Much like experiencing Venice, Murano is best enjoyed by simply walking around and exploring. Leisurely walks along the canals and window shopping is as calming as it is mesmerising. Murano offers a network of canals lined with ancient buildings, magnificent views and charms with many unique attractions that cannot be found anywhere else. Murano offers a different experience. Maybe this is what Venice of the past was like – simple and alive with locals. You can still see people going about their business, locals sitting chatting outside their homes on old chairs and kids playing in the piazzas.
The “Fornace” (furnace) signage beckons you to sit and enjoy glass blowing demonstrations. Seeing a glass blowing session is fascinating, watching the master glass artist sculpt, with ease and precision, a couple of different pieces.
Although Murano seems to be all about the glass furnaces, there are amazing landmarks on the island, with the Basilica dei Santi Maria e Donato holding prime status.
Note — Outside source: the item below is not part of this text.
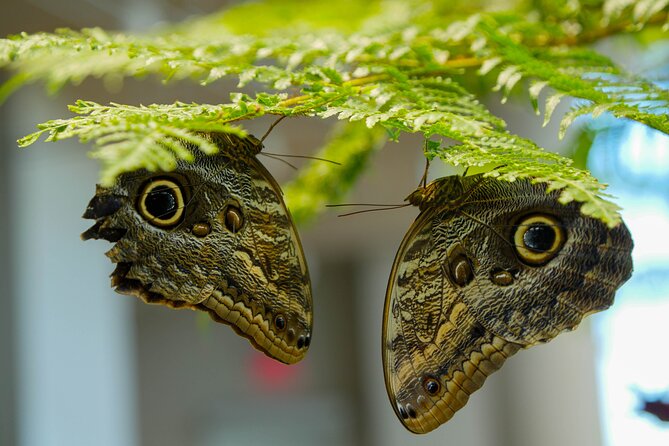 Audubon Aquarium and Insectarium Ticket - Tickets, VR, and the phone-versus-print reality check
It is one of the oldest churches in the Venetian Lagoon reflecting Byzantine architecture.
Enjoying Campo Santo Stefano, the small central square in Murano, is as restful as it is interesting. There is a large blue glass sculpture, created by the master glass artist Simone Cenedese and just behind this icon, there is the Church of Santo Stefano and its clock tower.
Local restaurants reflect Murano’s peaceful lifestyle, offering simple and delicious menus – and they’re not too expensive. We found what we would consider an authentic family-owned Italian restaurant, Osteria al Duomo, which had a homely environment and a garden terrace. Plus excellent house wine.
Murano is definitely a precious gem to discover and it is worth finding some time to enjoy the island. It is a discreet alternative to the always busy lifestyle experienced in Venice. Murano will not only immerse you in its glassmaking industry and history, but it will also charm you with its magical views and peaceful surrounds.